EDIT: found it - a good video on making your powerpoints better.  Generally, good advice:
http://www.youtube.com/watch?v=d04w4...layer_embedded

----------


## gunksta

@Warthaug
I'm not trying to say that slides are necessarily bad, I just think we should and could do better. Rather than find yet another way to shoe-horn modern style computing into a slide-show, I'd rather use something that inherently works in a dynamic, graphical manner.

Regarding his presentation. It was of course rehearsed and prepped. Any good presentation will be. But, if you watch him in this and in other videos you will see that he is not using slides. He is using a series of pre-defined programs, which create the animations he wants, during the presentation. He is actually controlling the output as it happens.(according to some pre-defined units/methods)
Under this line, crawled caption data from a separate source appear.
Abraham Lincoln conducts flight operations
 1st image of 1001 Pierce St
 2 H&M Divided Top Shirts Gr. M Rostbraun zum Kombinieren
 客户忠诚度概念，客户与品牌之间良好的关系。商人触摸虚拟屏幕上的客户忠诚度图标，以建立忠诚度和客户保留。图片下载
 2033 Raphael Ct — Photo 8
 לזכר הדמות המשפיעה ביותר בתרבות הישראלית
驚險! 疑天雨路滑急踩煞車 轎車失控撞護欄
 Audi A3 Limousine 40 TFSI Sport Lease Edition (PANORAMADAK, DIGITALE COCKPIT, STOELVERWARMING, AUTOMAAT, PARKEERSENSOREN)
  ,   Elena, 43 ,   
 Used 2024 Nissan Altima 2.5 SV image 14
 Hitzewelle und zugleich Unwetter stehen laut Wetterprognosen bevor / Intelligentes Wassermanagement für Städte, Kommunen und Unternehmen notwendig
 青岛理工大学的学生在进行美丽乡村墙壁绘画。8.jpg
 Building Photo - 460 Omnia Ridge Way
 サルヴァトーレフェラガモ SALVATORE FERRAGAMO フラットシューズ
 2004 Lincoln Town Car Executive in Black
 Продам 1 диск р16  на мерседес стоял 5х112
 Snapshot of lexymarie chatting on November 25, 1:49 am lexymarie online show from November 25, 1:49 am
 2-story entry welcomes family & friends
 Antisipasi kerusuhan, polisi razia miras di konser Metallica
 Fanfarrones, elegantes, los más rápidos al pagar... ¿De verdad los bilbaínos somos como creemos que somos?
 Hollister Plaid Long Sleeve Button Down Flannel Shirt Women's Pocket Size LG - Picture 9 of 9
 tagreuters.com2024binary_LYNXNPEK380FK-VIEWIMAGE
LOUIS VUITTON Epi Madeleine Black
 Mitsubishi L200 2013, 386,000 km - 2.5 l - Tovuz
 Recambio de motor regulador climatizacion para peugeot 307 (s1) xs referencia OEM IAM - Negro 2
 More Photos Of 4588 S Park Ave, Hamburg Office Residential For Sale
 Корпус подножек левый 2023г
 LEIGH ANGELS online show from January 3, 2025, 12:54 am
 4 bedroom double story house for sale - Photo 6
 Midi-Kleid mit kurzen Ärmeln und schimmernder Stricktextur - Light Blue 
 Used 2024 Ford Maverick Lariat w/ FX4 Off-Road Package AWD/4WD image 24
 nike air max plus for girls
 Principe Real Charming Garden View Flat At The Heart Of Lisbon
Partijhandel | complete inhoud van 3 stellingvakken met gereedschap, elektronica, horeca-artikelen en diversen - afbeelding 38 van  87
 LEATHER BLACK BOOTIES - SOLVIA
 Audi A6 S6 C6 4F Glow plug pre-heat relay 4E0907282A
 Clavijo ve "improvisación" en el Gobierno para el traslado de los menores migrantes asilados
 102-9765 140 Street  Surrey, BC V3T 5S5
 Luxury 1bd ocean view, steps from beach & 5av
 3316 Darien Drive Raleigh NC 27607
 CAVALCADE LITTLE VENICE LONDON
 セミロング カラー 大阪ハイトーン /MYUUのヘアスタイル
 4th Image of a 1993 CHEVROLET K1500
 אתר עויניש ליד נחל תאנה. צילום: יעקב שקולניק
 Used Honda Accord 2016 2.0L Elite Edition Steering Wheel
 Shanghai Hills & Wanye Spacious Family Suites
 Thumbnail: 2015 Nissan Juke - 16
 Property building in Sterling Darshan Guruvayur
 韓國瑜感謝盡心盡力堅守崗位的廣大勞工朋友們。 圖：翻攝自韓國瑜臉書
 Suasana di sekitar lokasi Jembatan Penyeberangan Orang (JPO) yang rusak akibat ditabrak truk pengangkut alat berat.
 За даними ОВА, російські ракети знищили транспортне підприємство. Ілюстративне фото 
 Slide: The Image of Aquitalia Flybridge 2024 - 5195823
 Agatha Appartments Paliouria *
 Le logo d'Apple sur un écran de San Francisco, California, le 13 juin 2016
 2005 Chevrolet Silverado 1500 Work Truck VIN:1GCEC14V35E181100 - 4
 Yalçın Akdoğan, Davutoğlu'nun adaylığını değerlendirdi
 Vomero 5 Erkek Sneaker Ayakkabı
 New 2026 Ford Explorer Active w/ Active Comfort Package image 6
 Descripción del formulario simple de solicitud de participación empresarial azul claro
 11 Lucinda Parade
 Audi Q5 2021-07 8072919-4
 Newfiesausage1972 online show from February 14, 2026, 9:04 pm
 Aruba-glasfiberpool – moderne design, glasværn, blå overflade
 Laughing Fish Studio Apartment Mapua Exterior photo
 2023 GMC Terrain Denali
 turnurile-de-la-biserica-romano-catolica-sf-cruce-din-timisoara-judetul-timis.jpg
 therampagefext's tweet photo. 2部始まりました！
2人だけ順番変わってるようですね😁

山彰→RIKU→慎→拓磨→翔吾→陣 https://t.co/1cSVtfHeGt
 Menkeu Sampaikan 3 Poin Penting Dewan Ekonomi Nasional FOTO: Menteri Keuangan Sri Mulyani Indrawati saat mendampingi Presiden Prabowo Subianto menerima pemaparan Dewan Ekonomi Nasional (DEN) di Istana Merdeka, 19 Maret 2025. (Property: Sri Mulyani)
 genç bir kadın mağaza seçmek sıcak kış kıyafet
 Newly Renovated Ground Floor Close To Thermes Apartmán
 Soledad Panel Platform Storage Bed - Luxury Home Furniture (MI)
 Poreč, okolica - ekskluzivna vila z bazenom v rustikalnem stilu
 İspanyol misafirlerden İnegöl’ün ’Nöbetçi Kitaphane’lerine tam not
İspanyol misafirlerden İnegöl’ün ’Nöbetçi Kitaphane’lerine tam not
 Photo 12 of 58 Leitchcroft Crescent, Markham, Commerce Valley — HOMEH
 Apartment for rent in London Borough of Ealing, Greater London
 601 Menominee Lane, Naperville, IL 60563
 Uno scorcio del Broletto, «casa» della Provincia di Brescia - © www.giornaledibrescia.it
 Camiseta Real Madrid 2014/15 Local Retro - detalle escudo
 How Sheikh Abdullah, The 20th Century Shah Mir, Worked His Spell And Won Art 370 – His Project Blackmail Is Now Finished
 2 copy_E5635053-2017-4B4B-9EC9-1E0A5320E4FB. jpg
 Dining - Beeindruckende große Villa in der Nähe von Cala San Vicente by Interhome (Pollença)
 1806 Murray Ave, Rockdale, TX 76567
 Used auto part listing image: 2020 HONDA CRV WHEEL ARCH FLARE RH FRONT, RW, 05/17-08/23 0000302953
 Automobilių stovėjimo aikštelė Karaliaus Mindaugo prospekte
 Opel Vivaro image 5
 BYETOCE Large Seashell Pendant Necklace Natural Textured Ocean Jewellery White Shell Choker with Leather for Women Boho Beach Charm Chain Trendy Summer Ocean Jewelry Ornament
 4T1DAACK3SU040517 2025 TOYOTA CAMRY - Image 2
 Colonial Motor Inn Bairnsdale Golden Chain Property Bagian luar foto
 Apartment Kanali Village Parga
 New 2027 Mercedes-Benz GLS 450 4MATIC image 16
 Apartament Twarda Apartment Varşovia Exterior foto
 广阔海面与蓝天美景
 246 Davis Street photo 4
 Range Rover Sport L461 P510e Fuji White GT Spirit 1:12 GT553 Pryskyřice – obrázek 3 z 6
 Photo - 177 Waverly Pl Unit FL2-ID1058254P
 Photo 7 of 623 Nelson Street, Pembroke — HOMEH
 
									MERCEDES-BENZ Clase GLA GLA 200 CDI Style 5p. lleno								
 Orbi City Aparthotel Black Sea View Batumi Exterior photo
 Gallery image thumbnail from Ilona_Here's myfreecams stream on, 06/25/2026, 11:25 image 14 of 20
That's what I like about it. I would like to see something more generic, which allows the user to have complete control over a segment of the presentation. When appropriate, allowing the presenter to interact with the system, live. Current presentation tools allow you to pre-record everything but they aren't as effective if you want to deliver a more flexible presentation.

----------


## gunksta

While perusing the web on my lunch break, I stumbled onto this yesterday. It is, interesting. From a logic/organizational standpoint, it is still very much slide based, but I really do like the fact that it runs in the browser.
_S5_ 
Pros:

Minimal software requirement because it runs on any modern browser.Can embed web-content (locally or actually on the web)Can use Javascript to create animations, etc.
In essence your presentation becomes a web-site. You could, for example, enable non-linear logic into your presentation through links and allow your audience to decide what you will focus on (By linking to separate S5 presentations) without needing to interact with the actual filesystem directly. You can use javascript to create any kind of graph or animation that you can think of / develop.

Cons:

Steep learning curve - This is more attractive to programmers than to non-programmers.No compatibility with existing Powepoint slides, etc.Limited options for themes, unless you want to/can roll your own.No GUI (see first con)Still based on the logic of slides

----------


## PC_load_letter

I did this once and it seems to work, the end result is closer (even better IMHO) to what you get from OSX Keynote. 
1- Write and compile your beamer presentation, output in pdf.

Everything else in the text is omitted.